Sementara kesimpulan RDP Komisi VIII dan Pertamina itu menyebutkan bahwa Komisi VIII mendesak Pertamina untuk menindaklanjuti informasi tentang kerugian negara dari aktivitas KPS. Di antaranya, pembebanan biaya gas ke minyak, biaya tenaga kerja asing, pembiayaan blok yang belum berproduksi, menghilangkan biaya overhead dari home office KPS, meniadakan technical service from abroad (TSA), dan pembebanan biaya proyek financing.


Berbagai bentuk


Husni Thamrin membeberkan, kerugian yang timbul akibat berbagai bentuk yang berbau korupsi, kolusi dan nepotisme. Misalnya, pembebanan biaya gas ke minyak untuk mendapatkan keuntungan yang lebih besar dari gas karena profit split minyak 85:15 dan gas 70:30. Kerugian negara dari praktik ini, sejak tahun 1991 hingga 2000, diperkirakan sebesar 198 juta dollar AS, atau rata-rata 20 juta dollar AS per tahun.


Selain itu, kerugian juga muncul karena adanya biaya ekspatriat yang terlalu besar. Sebab, lima persen jumlah tenaga kerja asing di KPS menguasai 52 persen dari total biaya personalia KPS. Dengan asumsi pengeluaran untuk tenaga kerja asing saat ini mencapai 250 juta dollar AS, maka kalau dihemat 10 persen saja, berarti pengeluaran bisa dihemat 25 juta dollar AS dari pendapatan minyak atau gas.


KPS juga membebankan biaya blok yang belum berproduksi ke blok yang sudah berproduksi. Peraturan menegaskan, KPS tidak dibenarkan mengalokasikan biaya tersebut, namun banyak KPS yang melakukannya sehingga dapat diindikasikan kerugian negara 30 juta dollar AS per tahun.


Kerugian juga disebabkan karena Pertamina membolehkan KPS membebankan biaya overhead dari home office-nya dua persen dari total belanja KPS. Kini, total belanja KPS yang sudah berproduksi per tahun mencapai 4,2 milyar dollar AS. Kalau biaya ini dapat dihilangkan, negara terhindar dari pembiayaan sebesar 80 juta dollar AS.

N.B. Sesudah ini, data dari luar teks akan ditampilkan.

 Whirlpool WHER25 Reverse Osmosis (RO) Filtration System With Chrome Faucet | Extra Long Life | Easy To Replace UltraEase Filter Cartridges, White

Negara juga dirugikan akibat KPS masih sering melakukan pengadaan bantuan teknis dari luar negeri (technical service from abroad-TSA) yang jumlah pengeluarannya mencapai 50 juta dollar AS per tahun, meskipun sudah diberi biaya overhead dari home office. Selain itu, masih ada KPS yang membebankan biaya sebesar 23,5 juta dollar untuk mencari dana pada cost recovery, padahal sudah mendapat interest recovery delapan persen dari biaya pengembangan lapangan.


Husni Thamrin yang mengungkapkan data tersebut mengatakan, tindakan KPS yang merugikan negara tersebut lebih "berbau" korupsi, kolusi dan nepotisme (KKN). "Jika memang bukan tindakan manipulasi yang sengaja dilakukan oleh mitra Pertamina," katanya.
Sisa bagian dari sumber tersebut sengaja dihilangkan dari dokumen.